The country experiences a predominantly Mediterranean climate, characterized by warm to hot summers and mild winters. Between 2000 and 2024, the European Forest Fire Information System (EFFIS), utilizing remote sensing satellite data, recorded an average of 52 wildfire events annually, resulting in an average of 43.4 thousand hectares of burned areas per year. Notably, 2007 was the most catastrophic year, with 135 recorded wildfire events and over 271 thousand hectares of forested land destroyed. These fires—primarily occurring in the western and southern Peloponnese and southern Euboea during the summer months—caused extensive environmental damage and human casualties, marking a devastating chapter in Greece’s wildfire history [27,28,29,30].

2.3. Data

2.3.1. Previous Wildfires

Wildfire data were obtained from the Copernicus Emergency Management Service (EMS), specifically through the European Forest Fire Information System (EFFIS). Burned area extents were derived from the analysis of satellite imagery. According to the product manual, these burned areas were identified using data from the Moderate Resolution Imaging Spectroradiometer (MODIS) sensors aboard NASA’s TERRA and AQUA satellites, as well as from the Visible Infrared Imaging Radiometer Suite (VIIRS) sensor onboard the NASA/NOAA Suomi National Polar-orbiting Partnership (SNPP) satellite.

The dataset provides wildfire records spanning 25 years, from 2000 to 2024. It includes a total of 1293 fire events, each with an area greater than 30 hectares, resulting in a cumulative burned area of approximately 1085 thousand hectares.
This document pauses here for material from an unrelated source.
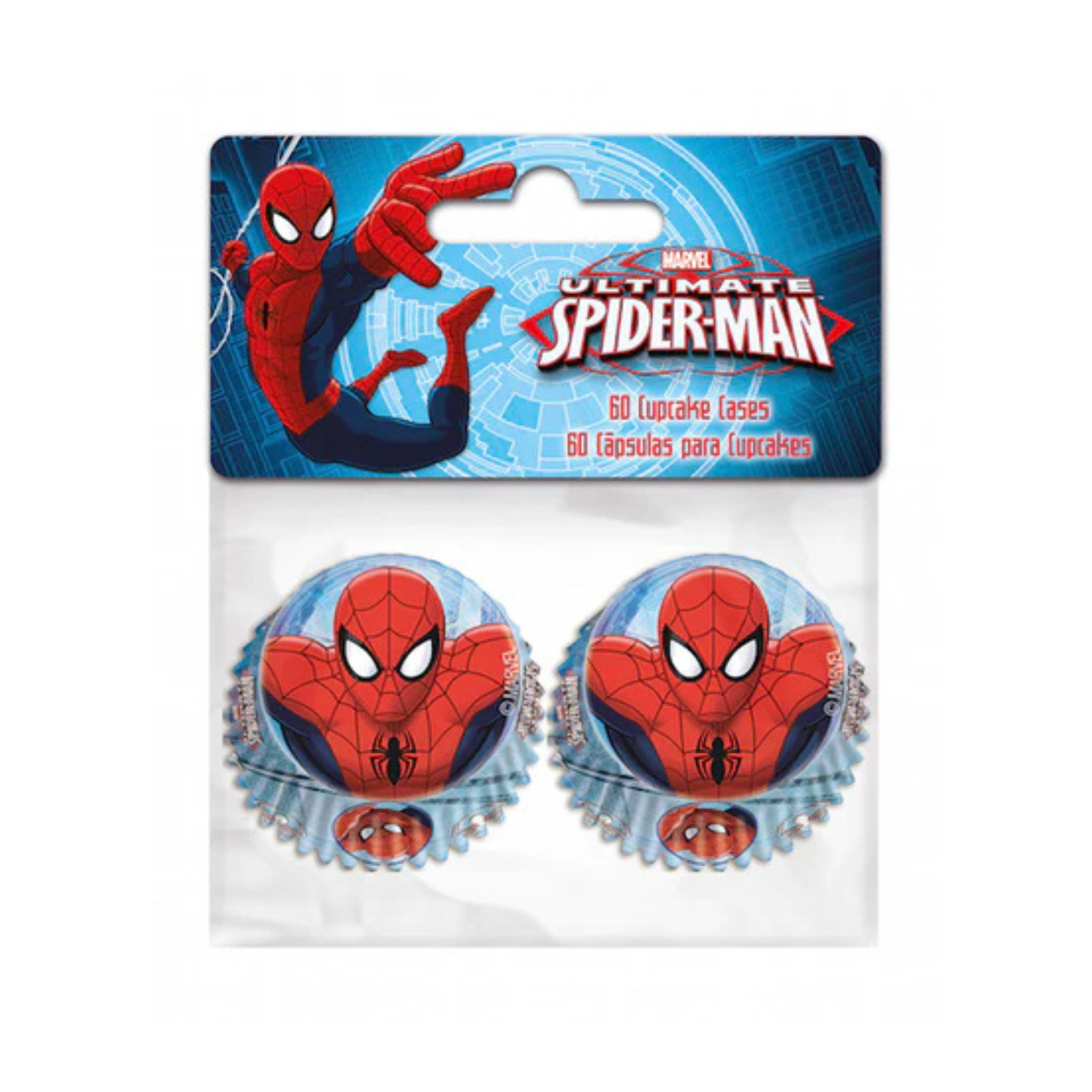 Muffinsform MINI Spiderman, 60 stk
The EFFIS wildfire dataset represents the most advanced and comprehensive information currently available in Europe [31], and it shows strong agreement with other satellite-derived products for overlapping periods [32].
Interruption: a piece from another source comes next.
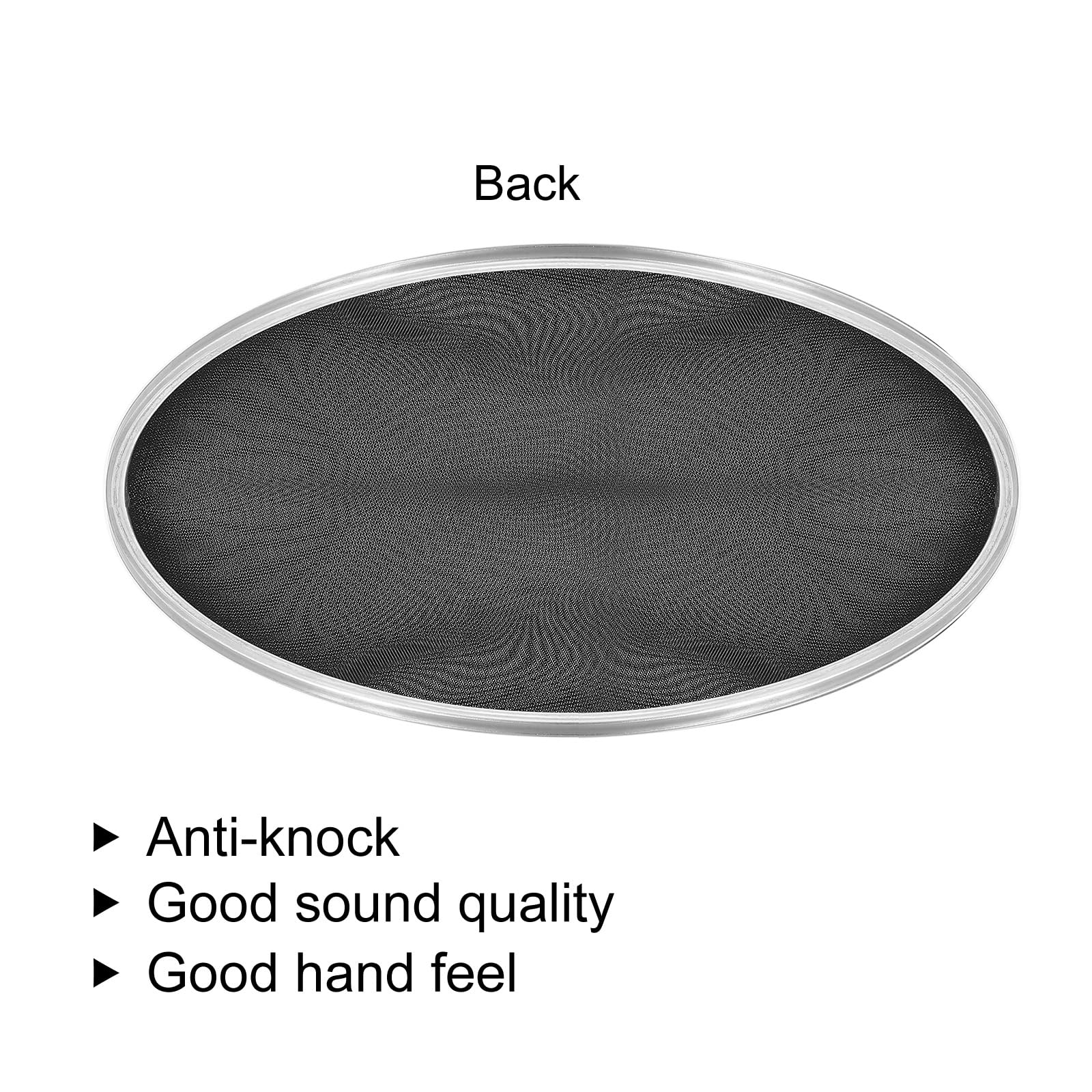 sourcing map 20 Zoll Trommelfell Percussion Mesh-Trommelkopf Schlagzeug Patch, Schwarz, Doppelschichtig, Mesh-Form, Silent Mute Drum Skin Drum Practice Percussion Instrument Zubehör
Figure 3a illustrates the annual number of fire events in Greece, along with the corresponding total annual burned area. The year 2007 clearly stands out as the most severe, both in terms of the number of events and the extent of burned area. Figure 3b presents the burned area per each of Greece’s 13 administrative regions, alongside the percentage of burned area relative to each region’s total land area. Notably, the Region of Attica has the highest proportion of burned area (35%), while the regions with the largest absolute burned areas are the Peloponnese (approximately 268 kha), Central Greece (204 kha), and Western Greece (168 kha). The spatial distribution of burned areas is visualized in Figure 3c.
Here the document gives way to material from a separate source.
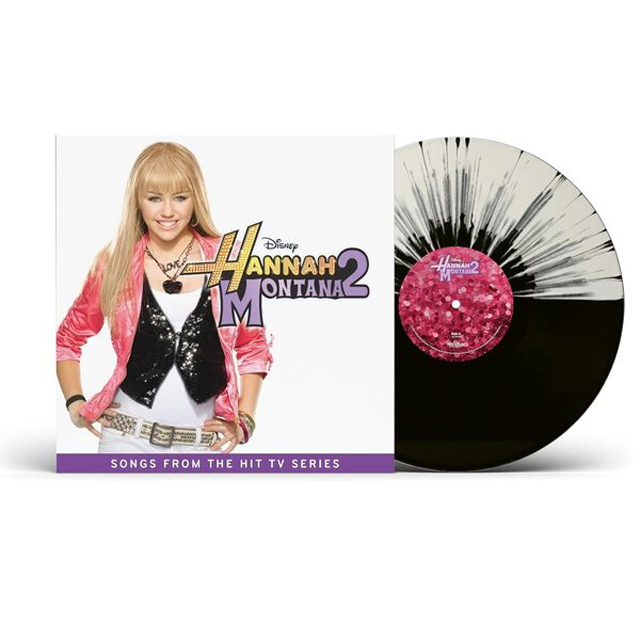 HANNAH MONTANA 2 [한나 몬타나 2] [BLACK & WHITE SPLATTER LP]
For the purposes of this study, the original vector dataset of burned areas was processed by selecting annual burned area data. These were then converted into yearly burned area raster datasets using the “Vector to Raster” algorithm in Quantum Geographic Information System (QGIS). The spatial resolution of the resulting rasters was 500 m. These raster datasets were subsequently used as label data for training the ensemble machine learning models.

2.3.2. Wildfires Factors

Wildfire risk is influenced by several key factors that determine both the likelihood of ignition and the potential for propagation. These factors can be broadly classified into four categories: topographic, human-related, land use/vegetation, and climatic [19,33,34,35,36,37,38,39]. These conditioning factors are fundamental for generating wildfire susceptibility maps and must be carefully considered during model design [37,40,41,42,43].

In line with previous studies [13,33,44,45,46,47,48,49,50,51,52,53,54,55], this study incorporates twelve wildfire conditioning factors: land use, distance to roads, distance to rivers, distance to settlements, elevation, Topographic Wetness Index (TWI), slope, aspect, surface roughness, grassland cover, dominant leaf type, and the number of days with extreme Fire Weather Index (FWI) values [56].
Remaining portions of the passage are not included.